Marlene Sanders, one of the first female broadcast TV journalists, died of cancer one Tuesday at the age of 84. Jeffrey Toobin, her son, CNN legal analyst and New Yorker staff writer, announced the death on his Facebook page. "She was a pioneering broadcaster and, above all, a great Mom," he wrote, reports USA Today.

Sanders, a reporter in the field, an Emmy-winning writer and producer of documentaries, and an adjunct professor of journalism at New York University, breathed her last at the Calvary Hospital Hospice in Manhattan.

Sanders created history when she substituted for Ron Cochran, who was sidelined with a throat ailment, as the anchor of a network news program on the evening news on ABC. She later took over for Sam Donaldson as the anchor of ABC's weekend news for three months in 1971.

She became one of the first network newswomen to report from the field in Vietnam in 1966, and one of the first women to rise to the upper reaches of management when ABC made her vice president and director of documentaries in 1976, reports The New York Times.

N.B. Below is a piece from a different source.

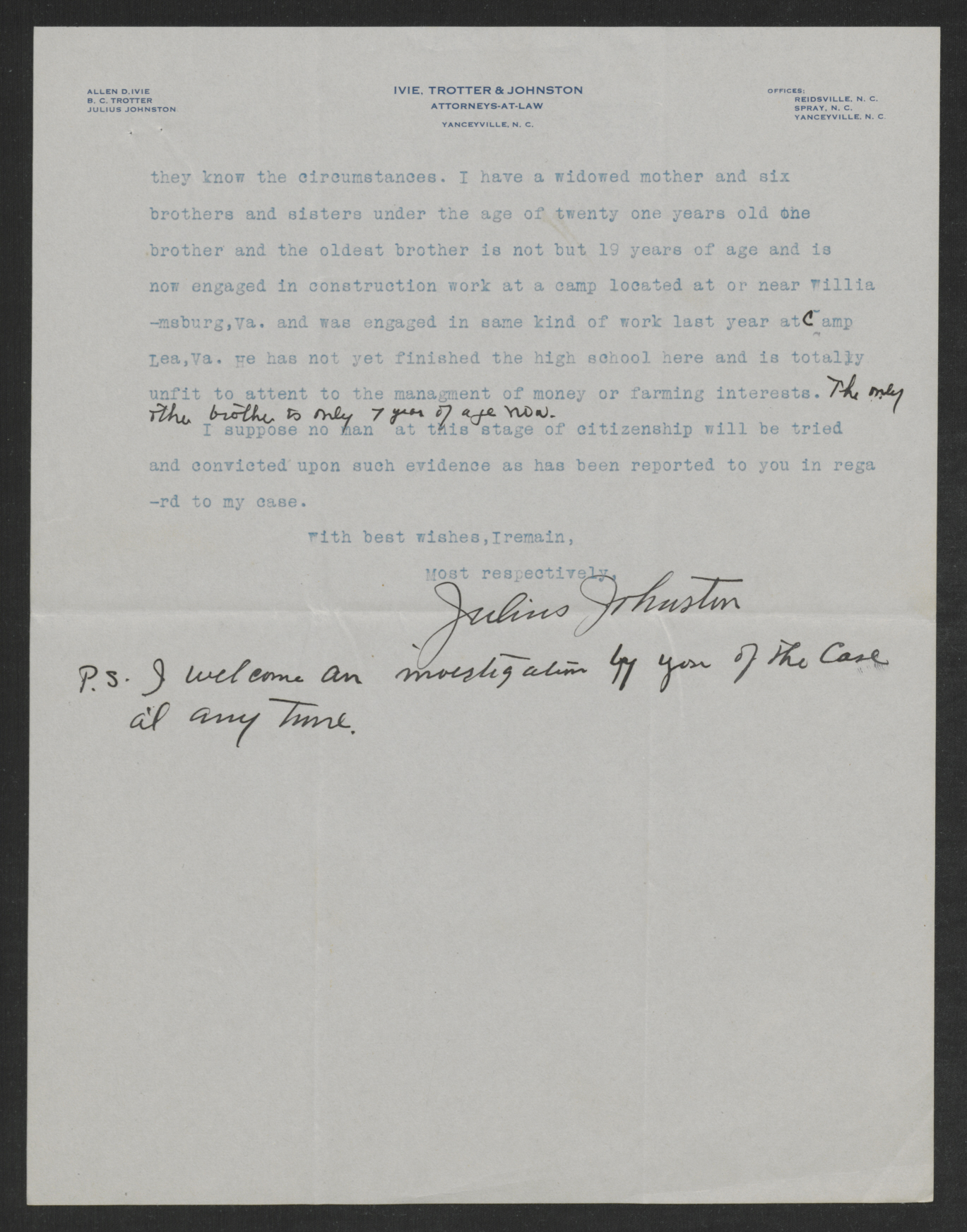 Letter from Julius Johnston to Thomas W. Bickett, July 17, 1918, page 3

"She had to fight a lot of stereotypes and a lot of ridicule," said Bill Moyers, who worked with Sanders on a documentary series at CBS. "But she hung in there and did really good work. She caused the first tinkling of the glass ceiling," according to the LA Times.

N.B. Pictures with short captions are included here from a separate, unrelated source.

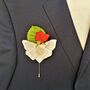Button Hole Pin For Grooms Wedding Suit, Lace Butterfly, thumbnail 11 of 11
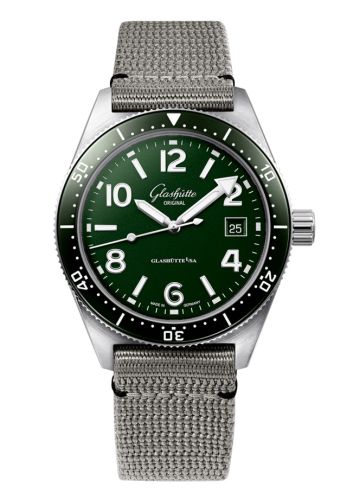 Glashutte Original SeaQ Date Stainless Steel / Green / Synthetic - Folding 1-39-11-13-63-34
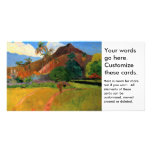 Mountains in Tahiti Gauguin painting warm colourfu Customized Photo Card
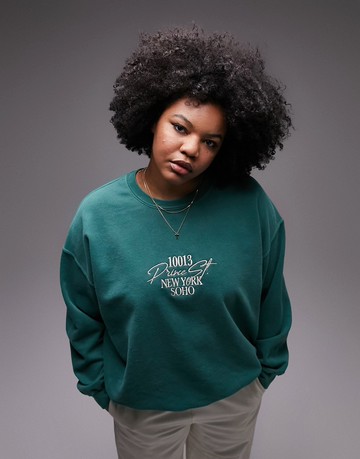 Topshop Curve graphic embroidered 10013 New York Soho vintage wash sweat in green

Marlene Sanders was born on Jan. 10, 1931, in Cleveland and grew up in nearby Shaker Heights. After attending Ohio State University for a year, she decided to try her luck as an actress. Her acting career went nowhere, but in 1955 she found work as an assistant to Ted Yates, the producer of "Mike Wallace and the News," a twice-daily report broadcast on a local DuMont Television Network station. It was her first foray into a world where she went on to create history.

Sanders felt her legacy was in her coverage of the women's movement. "As I look back on my career, the women's movement provided an exceptional point when time, place and position all came together to give me the power and focus to contribute to the country's awareness of the status of women," she wrote in her 1988 book, "Waiting for Prime Time," according to the LA Times. "For once, I seemed to be in the right place at the right time."

Her husband, Jerome Toobin, died in 1984. She is survived by her son and three grandchildren.